Installing TensorFlow on an AWS EC2 P2 GPU Instance

Amazon just recently released new AWS EC2 P2 instance types featuring K80 GPUs. In this blog post I’ll cover how to configure and install TensorFlow on a Ubuntu 16.04 targeting these new GPU instance types. This article is building upon previous blog post by John Ramey on installing TensorFlow for older AWS GPU instance types.

The following components will be installed:

  • Essentials
  • CUDA 8.0
  • Download cuDNN v5.1 (August 10, 2016), for CUDA 8.0
  • Bazel 0.3.2 (Java 8 is a dependency)
  • TensorFlow 0.11

This tutorial was written for a p2.xlarge instance type, however all AWS P2 instance types should work. You’re going to need 16 GiB of storage on the root partition to follow this guide.

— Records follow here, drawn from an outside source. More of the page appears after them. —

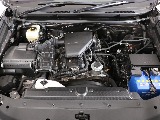 信頼と安心の2.7Lガソリンエンジン！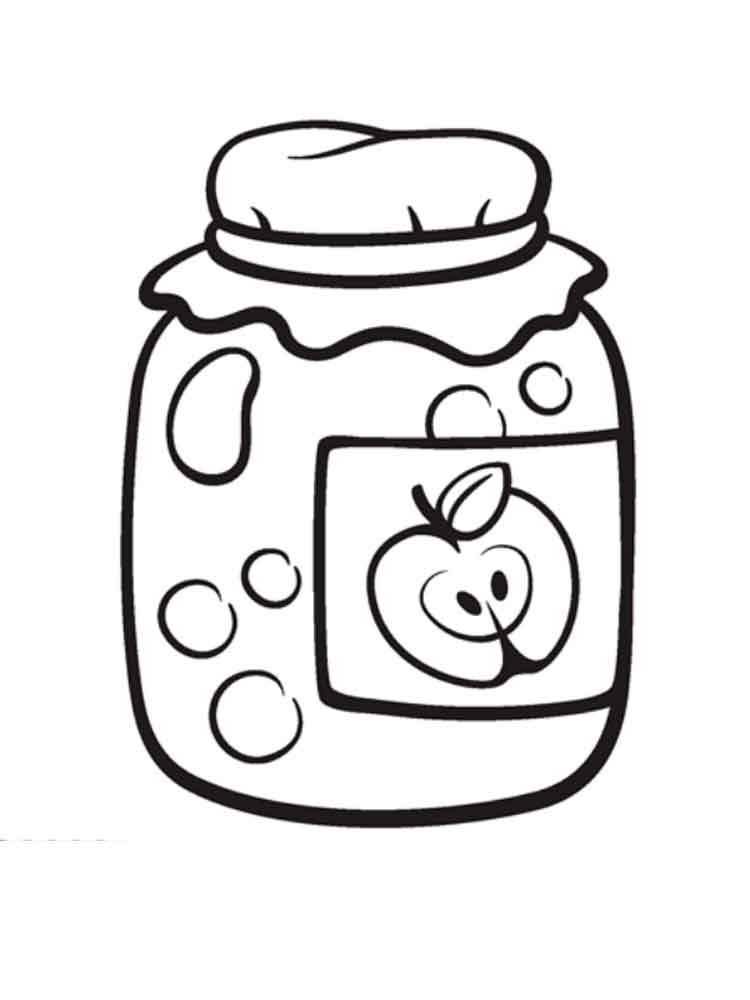 Розмальовки Банку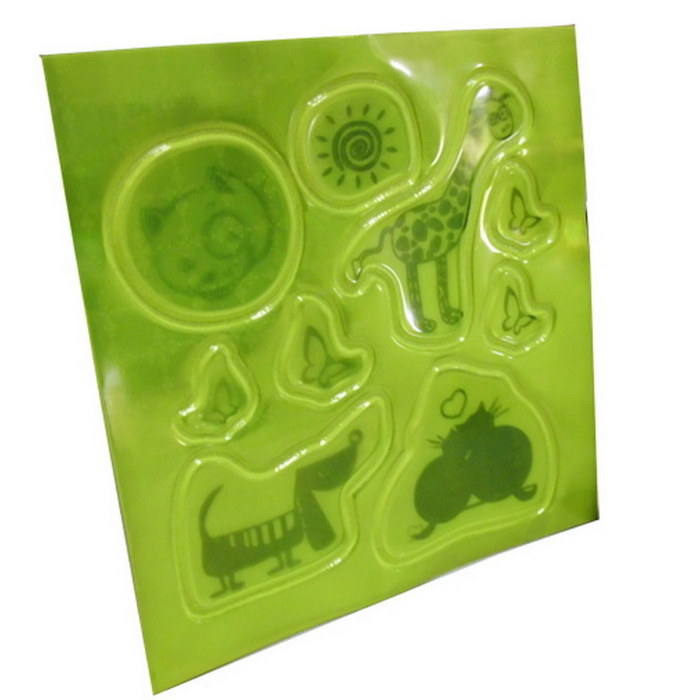 Strickerset verschiedene Motive , Made in Germany – Bild 3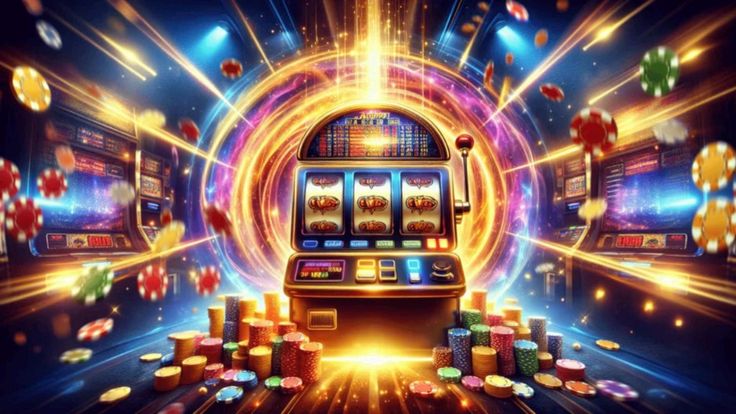 Jackpot Maxwin 2025: Bermain Slot 88 di Lancar138 dengan Depo Dana 5K Termurah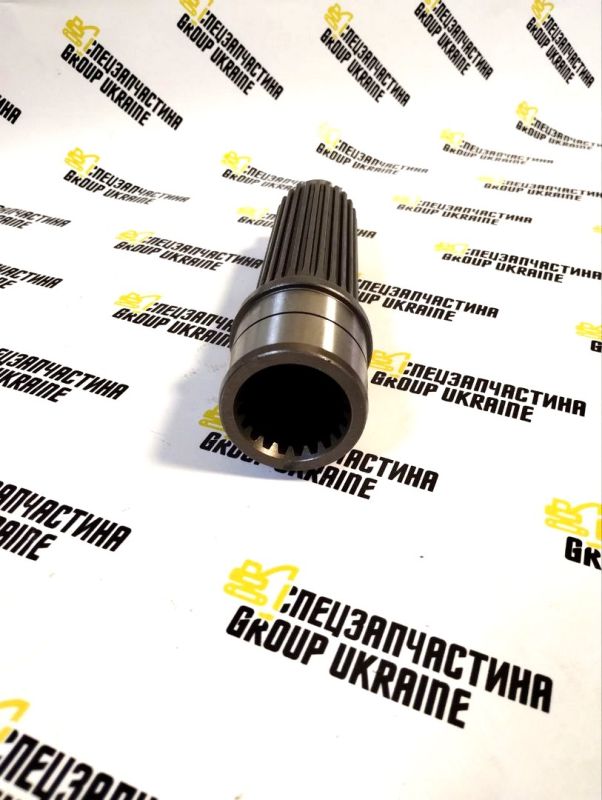 20/925674 Вал гидромотора хода на JCB JS200, JCB JS220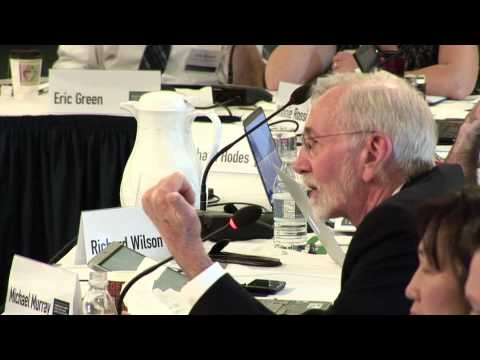 Consent, Data Access, Ability to Recontact - Gail Jarvik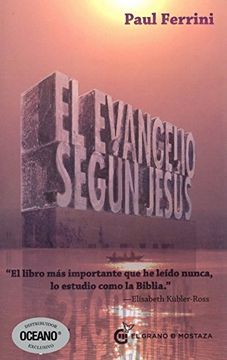 El Evangelio Segun Jesus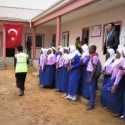 Tunjukkan Solidaritas, Pelajar Muslim di Uganda Kumpulkan Donasi Sebesar Rp 151 Juta untuk Turki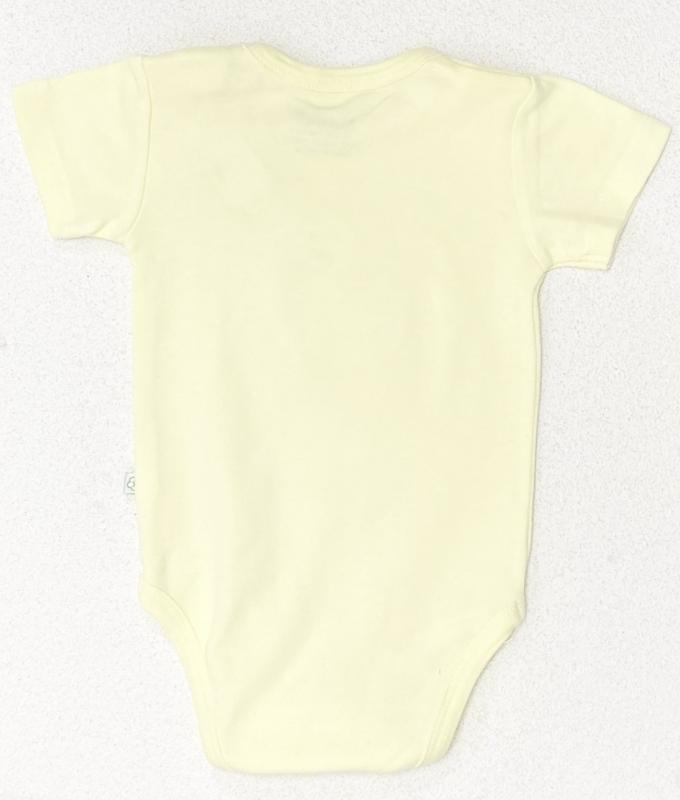 Body Fille 3 mois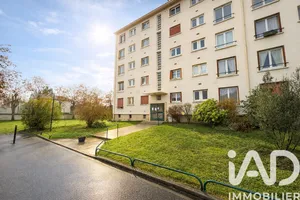 Appartement à Champigny-sur-Marne (94500)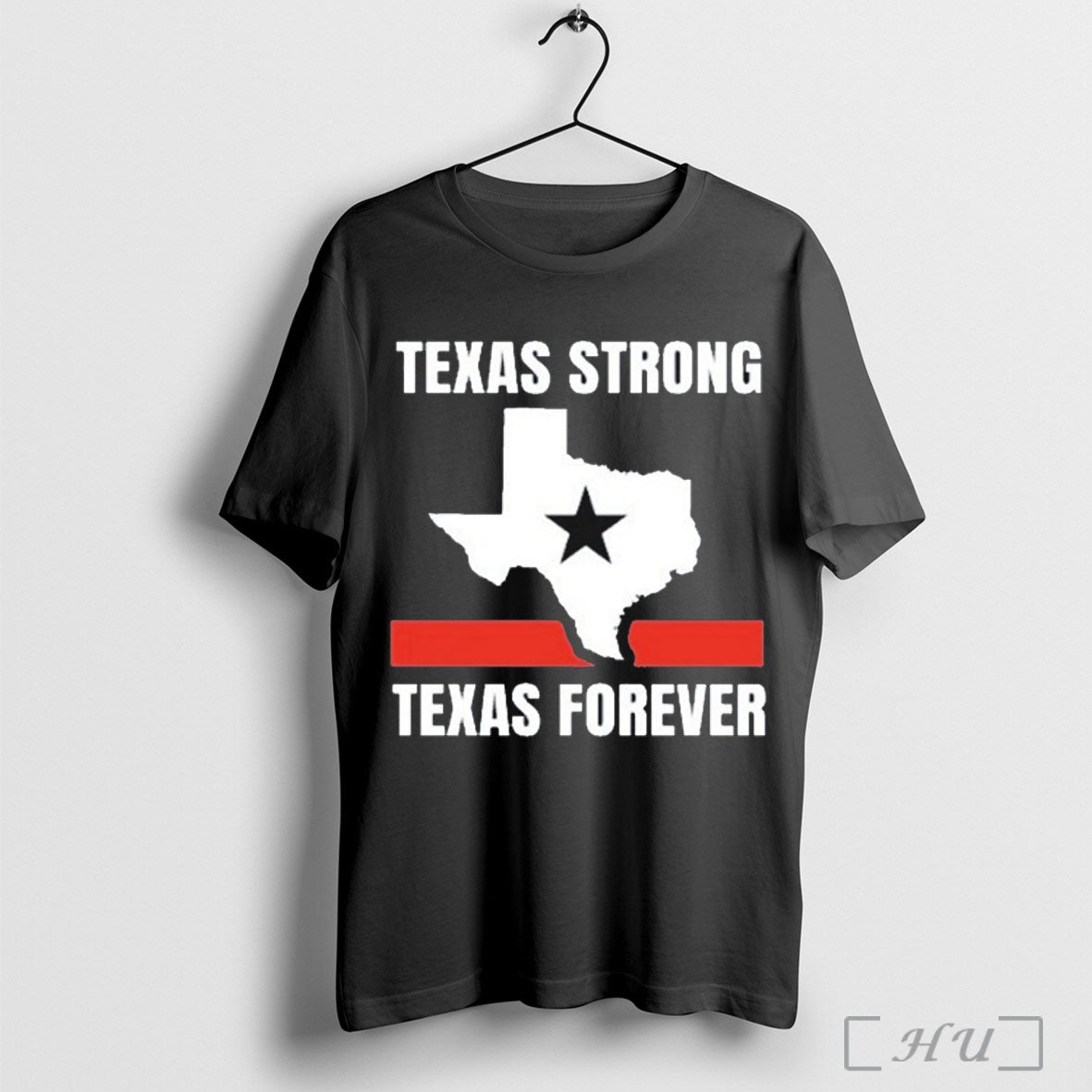 Officials Kevin Fowler Texas Strong Texas Forever T Shirt
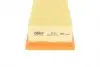 WH515 Фільтр повітряний Peugeot Partner 1.6 16V 01- WUNDER FILTER підбір по vin на Brocar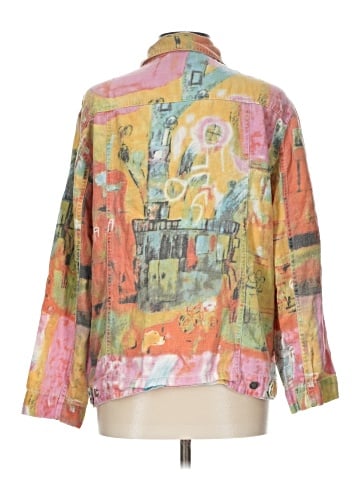 Chico's Design Jacket (view 2)
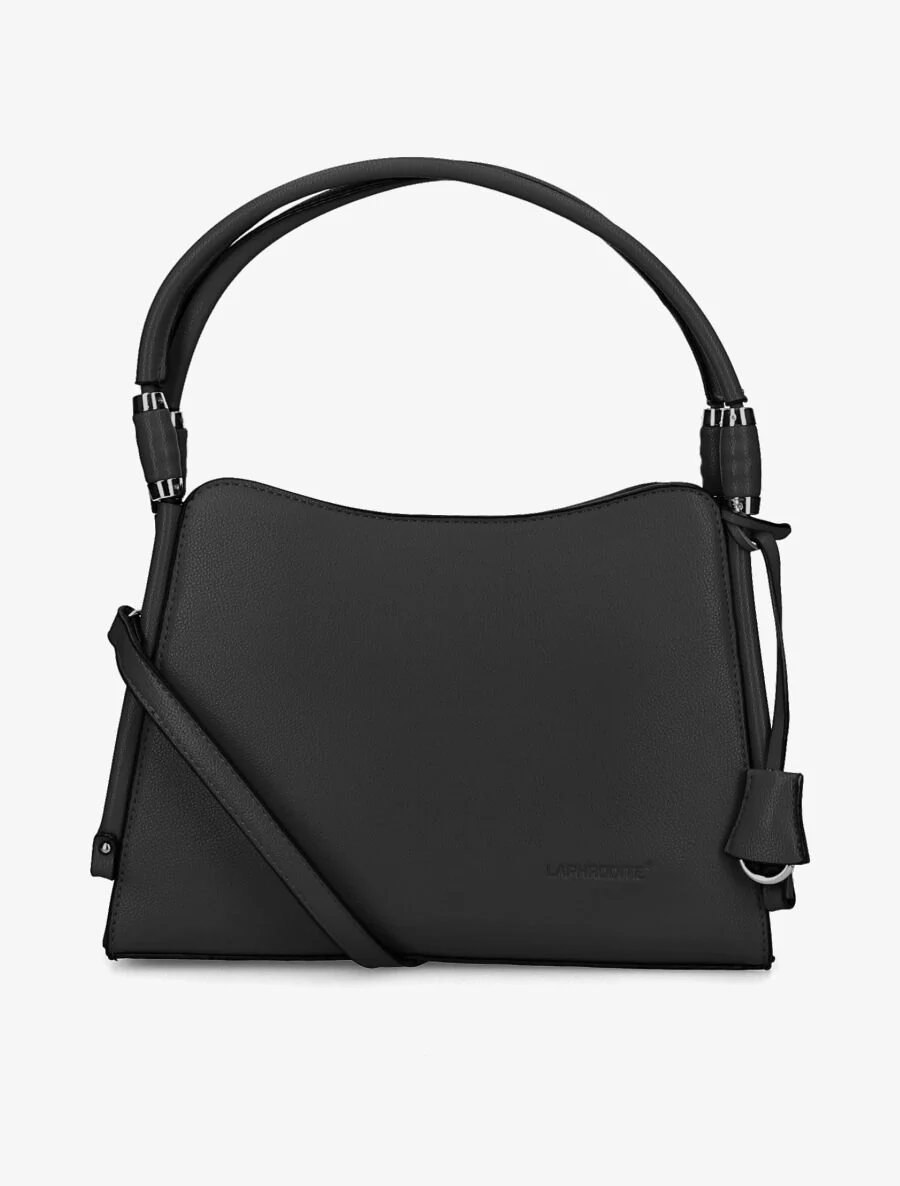 Sac à main Cécile - Noir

Installing dependencies & build tools

First we need to install the dependencies and basic build tools required by TensorFlow. To do this execute the following commands from the ubuntu command prompt.

sudo apt-get update
sudo apt-get upgrade
sudo apt-get install -y build-essential git python-pip libfreetype6-dev libxft-dev libncurses-dev libopenblas-dev gfortran python-matplotlib libblas-dev liblapack-dev libatlas-base-dev python-dev python-pydot linux-headers-generic linux-image-extra-virtual unzip python-numpy swig python-pandas python-sklearn unzip wget pkg-config zip g++ zlib1g-dev libcurl3-dev
sudo pip install -U pip

Installing CUDA 8

Second we wish to use the latest version of the CUDA library with the instance type. The latest version at the date of writing this post is 8.0. To install CUDA download the package from NVIDIA and install it.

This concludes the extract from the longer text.